**EXERCISE AIM**.
The reply needs the lines from the one containing "As I usually" through the end of the material, each repeated exactly, and no pictures.

**RECORDS FOR THIS TASK**.
---

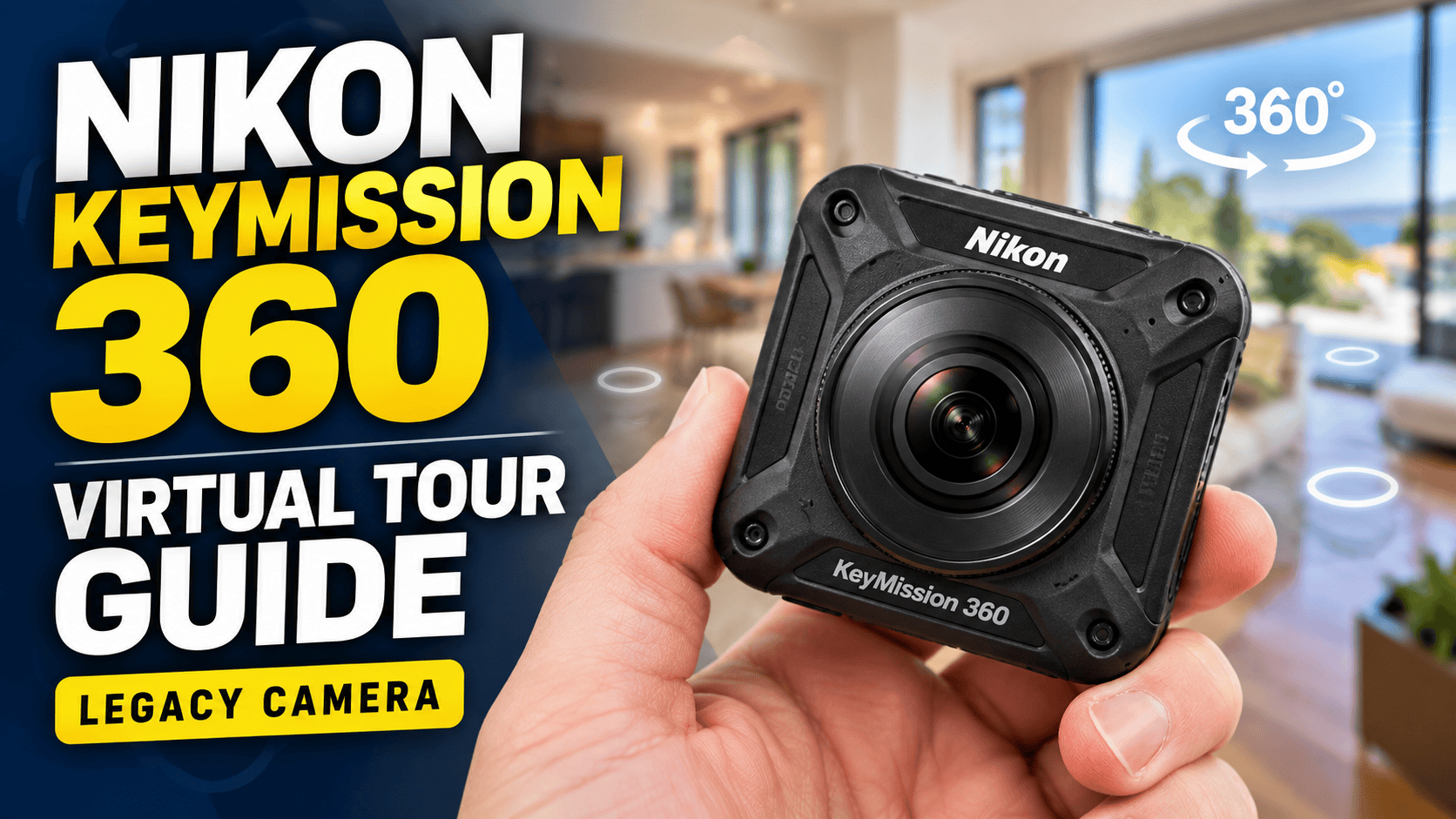 Nikon KeyMission 360 for Virtual Tours: Legacy Camera Guide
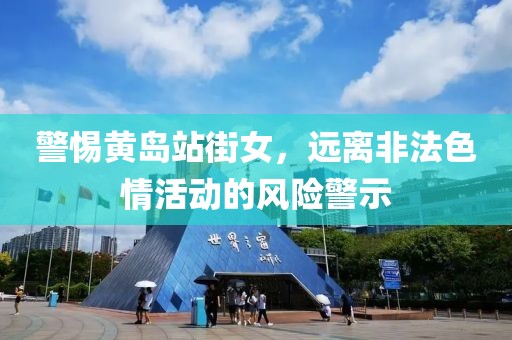 警惕黄岛站街女，远离非法色情活动的风险警示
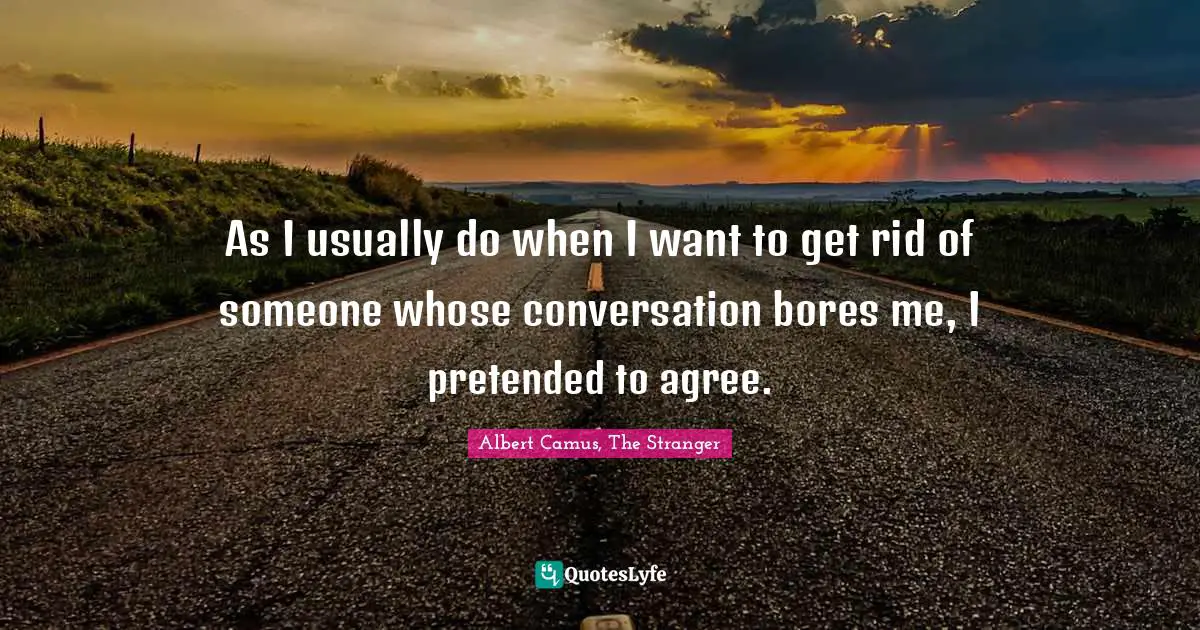 As I usually do when I want to get rid of someone whose conversation bores me, I pretended to agree.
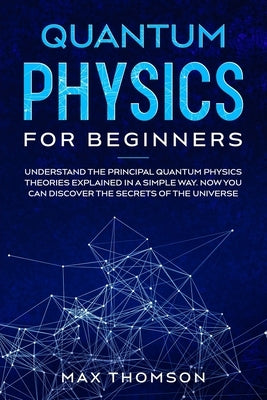 Quantum Physics for Beginners: Understand the Principal Quantum Physics Theories Explained in a Simple Way. Now you Can Discover the Secrets of the U Paperback Independently Published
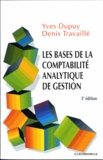 Yves Dupuy et Denis Travaillé - Les bases de la comptabilite analytique de gestion.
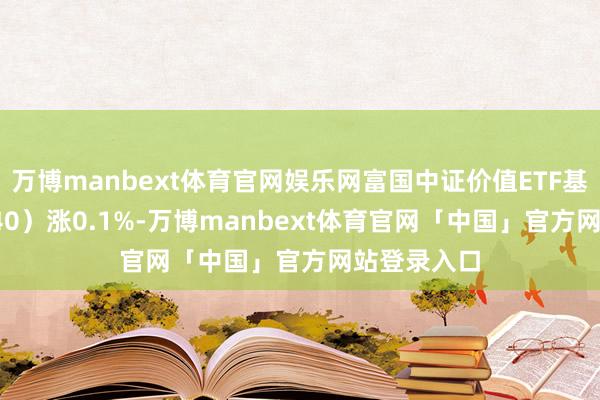 万博manbext体育官网娱乐网富国中证价值ETF基金（512040）涨0.1%-万博manbext体育官网「中国」官方网站登录入口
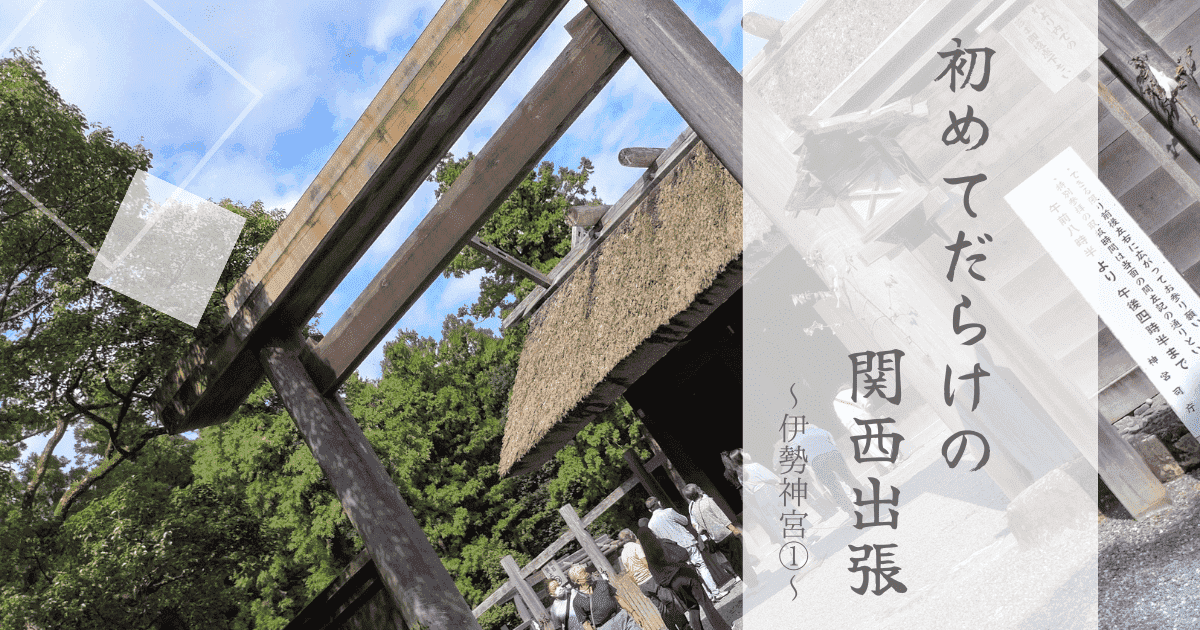あなたが現在見ているのは 初めてだらけの関西取材～伊勢神宮①～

---

**REPLY**.
 As I usually do when I want to get rid of someone whose conversation bores me, I pretended to agree.
 Quantum Physics for Beginners: Understand the Principal Quantum Physics Theories Explained in a Simple Way. Now you Can Discover the Secrets of the U Paperback Independently Published
 Yves Dupuy et Denis Travaillé - Les bases de la comptabilite analytique de gestion.
 万博manbext体育官网娱乐网富国中证价值ETF基金（512040）涨0.1%-万博manbext体育官网「中国」官方网站登录入口
あなたが現在見ているのは 初めてだらけの関西取材～伊勢神宮①～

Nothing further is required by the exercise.